• _YOUR INSTRUCTIONS_: Print the data below exactly, but only the lines from the one containing "ULTIMEA Proiettore 4K" down to the one containing "Gaming Mouse Pad", inclusive.

• _RECORDED DATA_:
▽

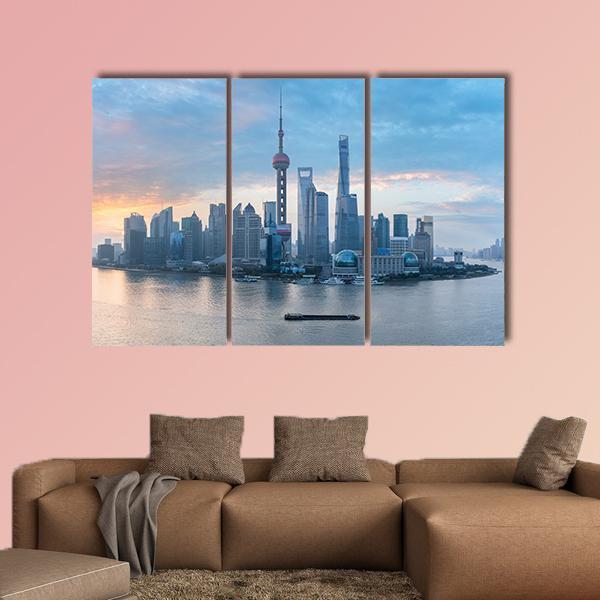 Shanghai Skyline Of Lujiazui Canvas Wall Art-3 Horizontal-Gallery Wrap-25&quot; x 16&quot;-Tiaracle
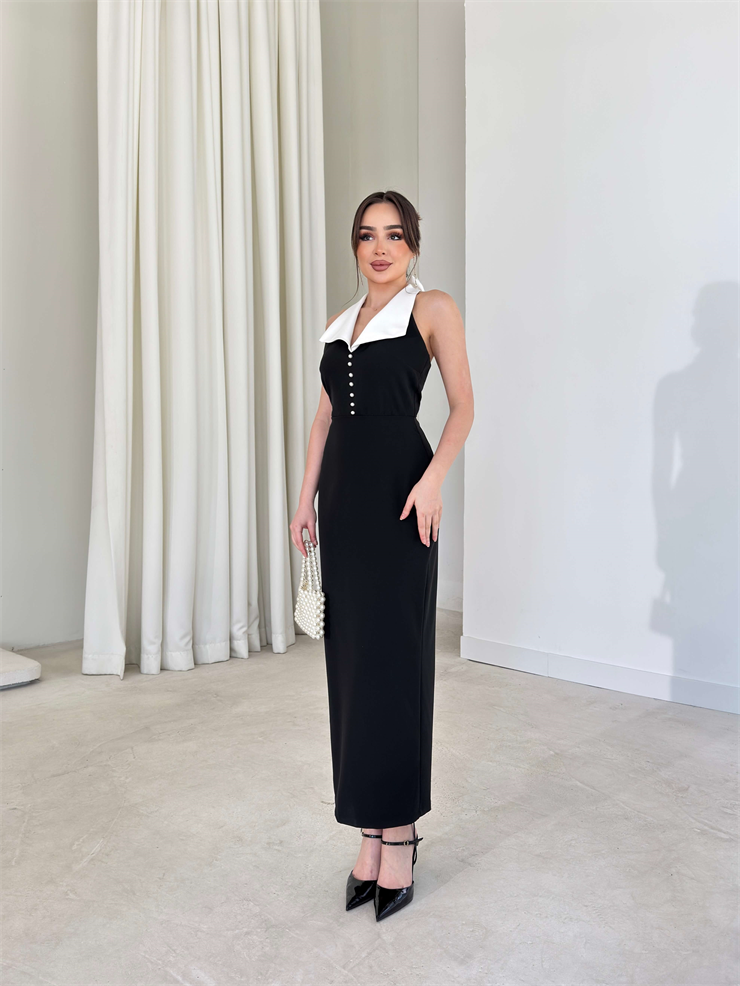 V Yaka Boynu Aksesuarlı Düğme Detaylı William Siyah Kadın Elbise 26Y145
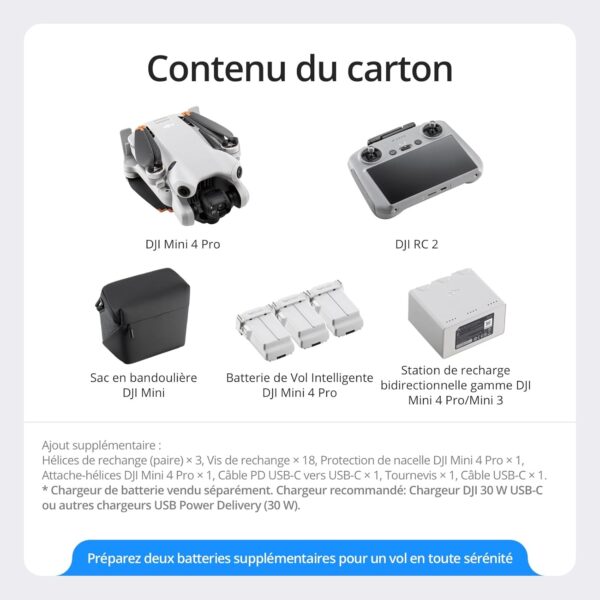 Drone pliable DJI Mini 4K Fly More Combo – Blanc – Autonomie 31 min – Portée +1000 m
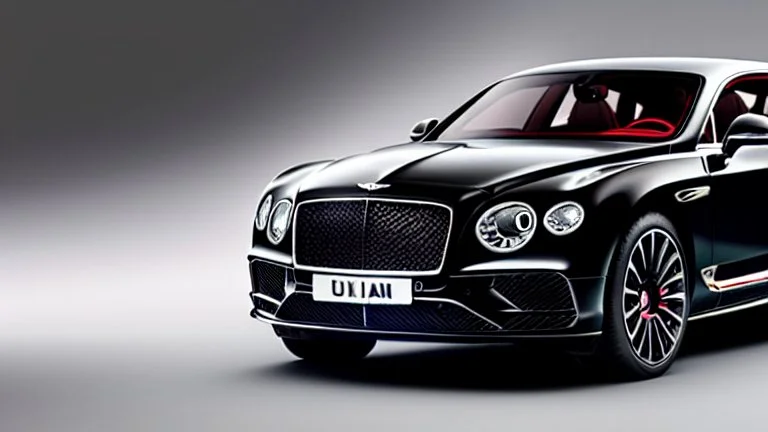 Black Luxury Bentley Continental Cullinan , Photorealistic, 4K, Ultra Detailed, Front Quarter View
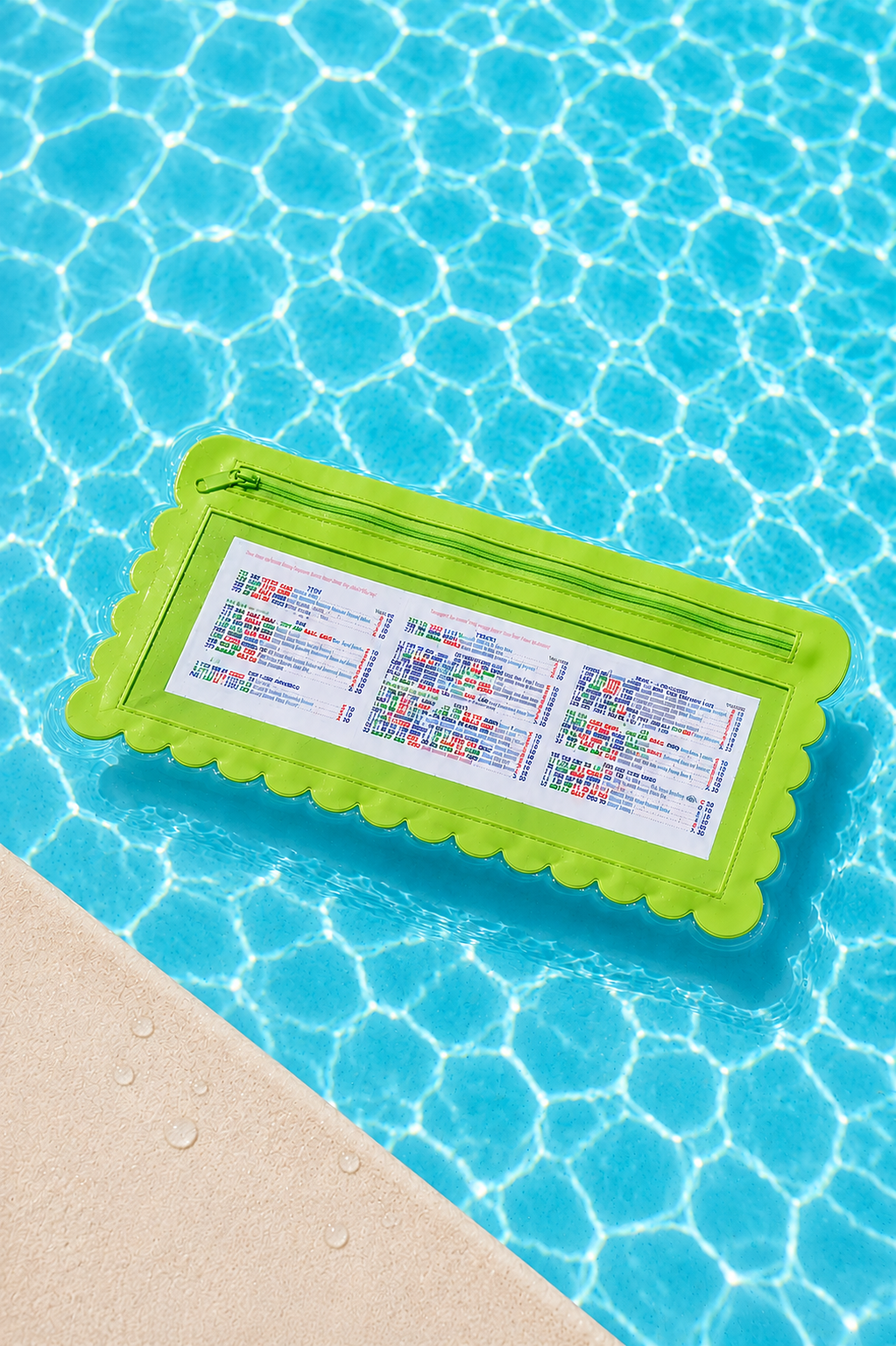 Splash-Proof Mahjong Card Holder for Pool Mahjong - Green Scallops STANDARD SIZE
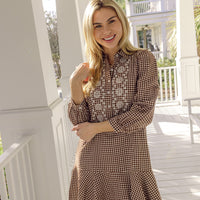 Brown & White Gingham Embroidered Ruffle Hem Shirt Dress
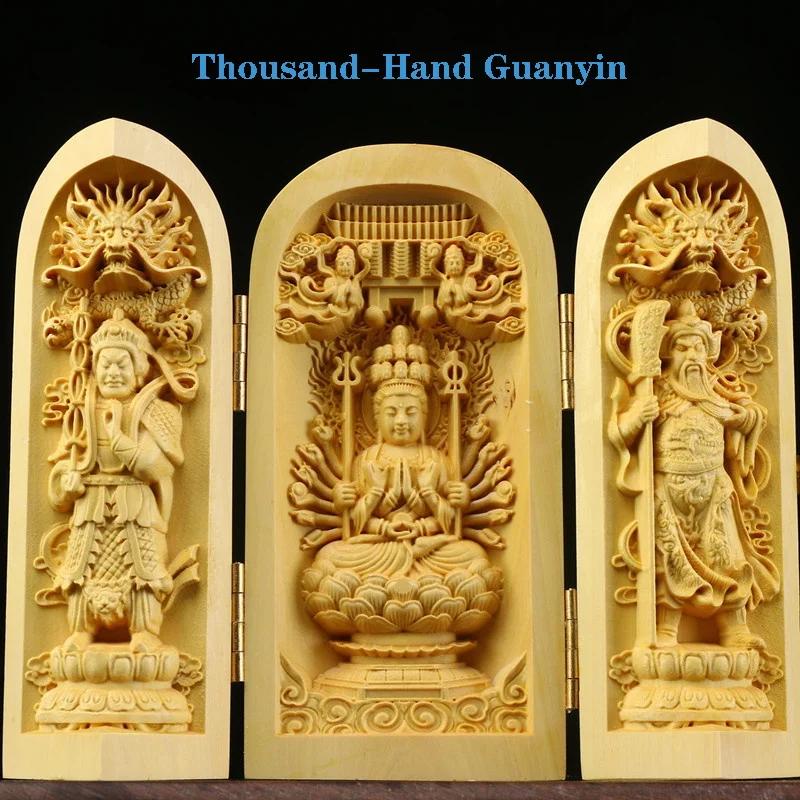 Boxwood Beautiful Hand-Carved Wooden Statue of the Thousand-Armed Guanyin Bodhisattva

△
▽

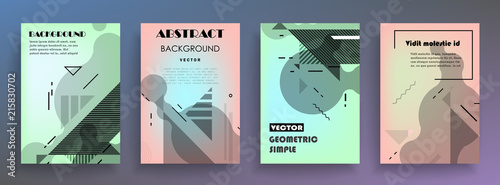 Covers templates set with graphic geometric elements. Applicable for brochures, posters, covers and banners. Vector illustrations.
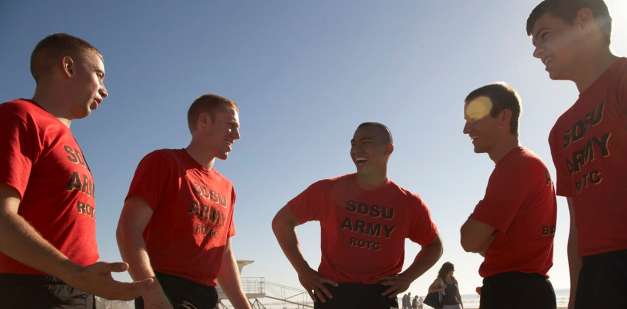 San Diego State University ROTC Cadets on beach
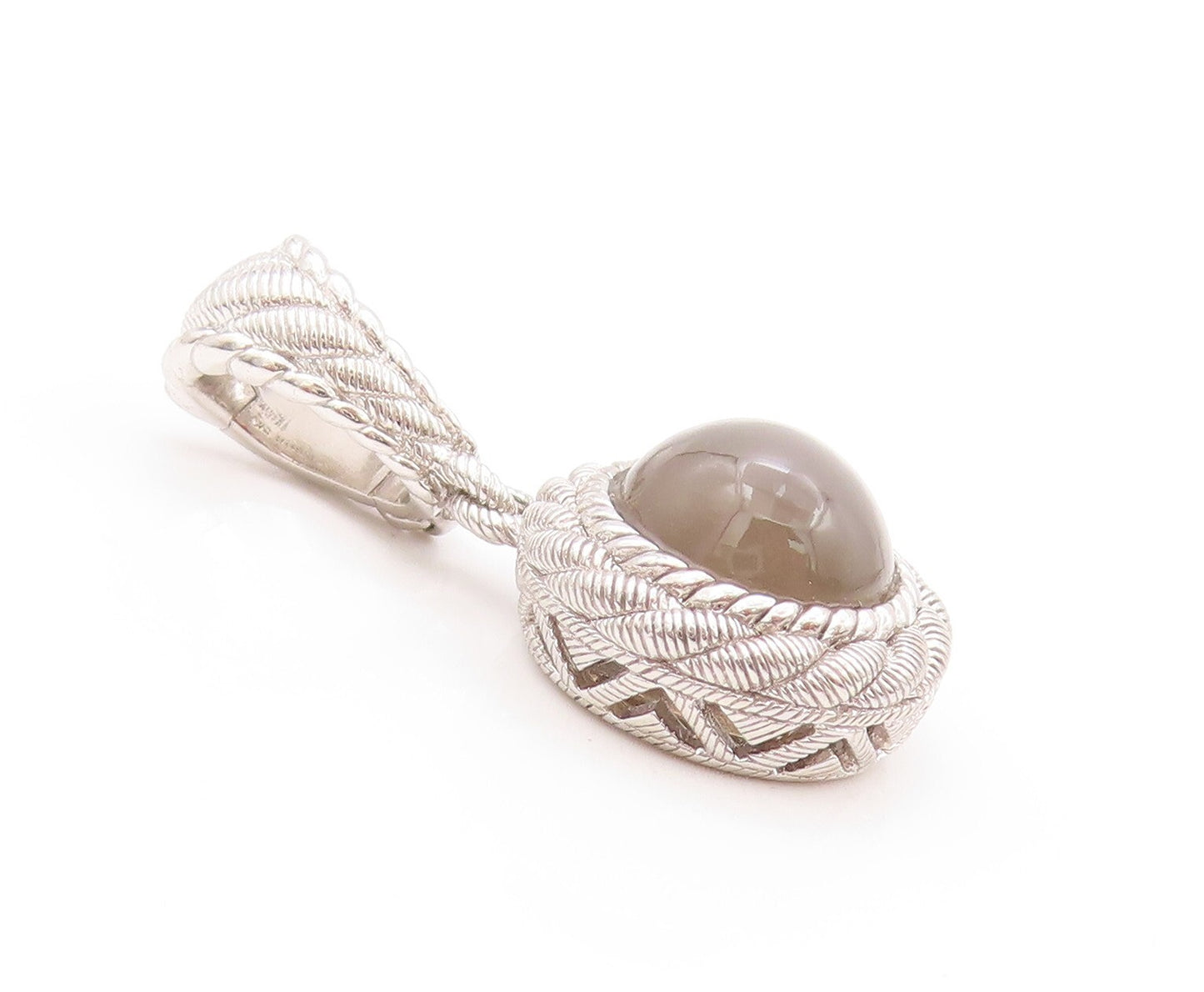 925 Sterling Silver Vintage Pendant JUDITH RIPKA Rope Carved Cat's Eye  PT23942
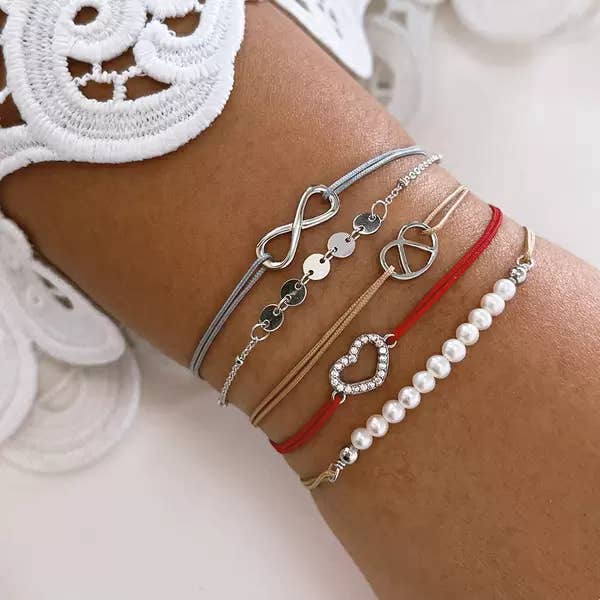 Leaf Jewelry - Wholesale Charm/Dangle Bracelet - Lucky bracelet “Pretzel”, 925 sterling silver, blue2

△
▽

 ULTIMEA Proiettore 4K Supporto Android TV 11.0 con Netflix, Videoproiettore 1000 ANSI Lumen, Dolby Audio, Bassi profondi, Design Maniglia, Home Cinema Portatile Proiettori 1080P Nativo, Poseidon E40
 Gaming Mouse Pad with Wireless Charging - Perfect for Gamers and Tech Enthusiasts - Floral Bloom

△

• _EXERCISE SOLUTION_:
 ULTIMEA Proiettore 4K Supporto Android TV 11.0 con Netflix, Videoproiettore 1000 ANSI Lumen, Dolby Audio, Bassi profondi, Design Maniglia, Home Cinema Portatile Proiettori 1080P Nativo, Poseidon E40
 Gaming Mouse Pad with Wireless Charging - Perfect for Gamers and Tech Enthusiasts - Floral Bloom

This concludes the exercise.